Novartis did a huge asset swap deal with Glaxo worth many billions. Novartis received Glaxo's cancer portfolio. One of the many compounds in that portfolio was the competing MEK inhibitor. It was not the primary target. So, the partnership with ARRY on its MEK inhibitor was purely collateral damage of a much larger deal that trumped this one relatively small partnership with ARRY. The fees and consideration to fund the completion of the trials is required by the contract. Novartis didnt do this voluntarily.
There were no partnerships with GS. GS gave them bad advice and leaked upcoming share sales.
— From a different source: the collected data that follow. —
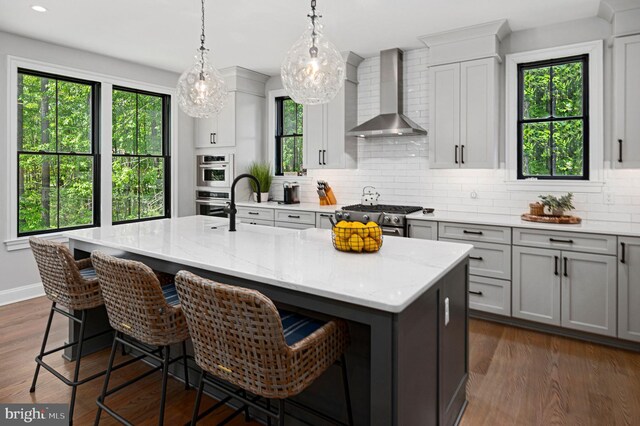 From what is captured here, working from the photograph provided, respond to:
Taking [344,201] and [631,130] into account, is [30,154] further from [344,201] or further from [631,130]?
[631,130]

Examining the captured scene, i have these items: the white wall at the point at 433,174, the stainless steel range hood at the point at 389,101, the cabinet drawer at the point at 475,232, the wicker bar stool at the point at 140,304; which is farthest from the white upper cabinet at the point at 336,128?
the wicker bar stool at the point at 140,304

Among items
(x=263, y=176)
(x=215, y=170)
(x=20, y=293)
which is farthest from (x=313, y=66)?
(x=20, y=293)

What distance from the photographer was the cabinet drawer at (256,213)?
17.2 feet

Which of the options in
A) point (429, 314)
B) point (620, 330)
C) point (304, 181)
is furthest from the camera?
point (304, 181)

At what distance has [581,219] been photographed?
3740 mm

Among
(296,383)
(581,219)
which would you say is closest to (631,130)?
(581,219)

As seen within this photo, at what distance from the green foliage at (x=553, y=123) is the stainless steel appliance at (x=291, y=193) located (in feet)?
9.14

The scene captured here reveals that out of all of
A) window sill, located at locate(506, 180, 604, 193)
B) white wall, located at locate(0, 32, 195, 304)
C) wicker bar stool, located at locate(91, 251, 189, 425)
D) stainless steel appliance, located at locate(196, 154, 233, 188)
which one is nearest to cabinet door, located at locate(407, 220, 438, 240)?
window sill, located at locate(506, 180, 604, 193)

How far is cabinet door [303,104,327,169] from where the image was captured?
16.8 feet

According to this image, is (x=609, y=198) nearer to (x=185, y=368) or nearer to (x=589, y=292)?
(x=589, y=292)

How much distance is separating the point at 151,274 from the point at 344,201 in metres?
3.70

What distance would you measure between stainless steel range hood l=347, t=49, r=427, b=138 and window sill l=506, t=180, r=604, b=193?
109cm

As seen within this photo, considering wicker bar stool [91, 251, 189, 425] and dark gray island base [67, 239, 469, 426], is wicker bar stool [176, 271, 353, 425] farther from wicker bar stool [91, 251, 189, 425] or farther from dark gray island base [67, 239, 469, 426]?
wicker bar stool [91, 251, 189, 425]

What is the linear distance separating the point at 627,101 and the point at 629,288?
1.51m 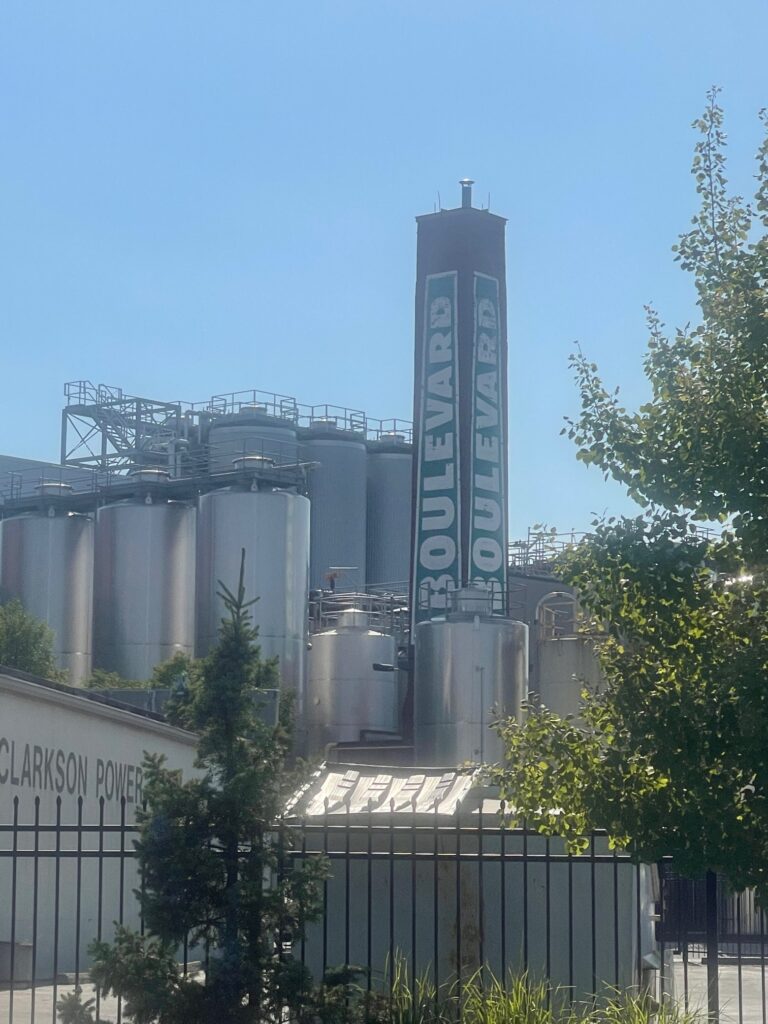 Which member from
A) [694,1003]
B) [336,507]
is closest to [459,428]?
[336,507]

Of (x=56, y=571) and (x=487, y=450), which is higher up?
(x=487, y=450)

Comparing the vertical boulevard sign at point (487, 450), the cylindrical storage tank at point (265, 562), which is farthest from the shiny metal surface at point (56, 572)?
the vertical boulevard sign at point (487, 450)

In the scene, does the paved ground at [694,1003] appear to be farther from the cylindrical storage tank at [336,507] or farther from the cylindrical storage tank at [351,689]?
the cylindrical storage tank at [336,507]

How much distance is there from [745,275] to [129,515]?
33.4 metres

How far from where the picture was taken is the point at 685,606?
8.62 meters

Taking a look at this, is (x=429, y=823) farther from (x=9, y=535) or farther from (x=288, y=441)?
(x=288, y=441)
Drug partnerships are completely different.
Another great reason why small develeopmental stage biotechs like EXEL should partner with all their drugs. ARRY partnered with Novartis for the development of their MEK inhibitor. In three phase 3 trials currently. Novartis struck a big asset swap with Glaxo which included transfering all of Glaxos cancer drugs to Novartis including a competing MEK inhibitor. As per Novartis's agreement with ARRY, Novartis had to transfer back full rights to ARRY's MEK, continue funding the clinical programs and make an upfront payment of $85 million to ARRY. Unbelievable. Great low risk deal to begin with which would even if the trials failed would not threaten the company's existence, the company has no debt, and they got cash in 2010 with the original partnership signing, got all the development and clinical funding and milestone payments, and now got more cash and 100% of the rights back. Watch and learn Morrissey.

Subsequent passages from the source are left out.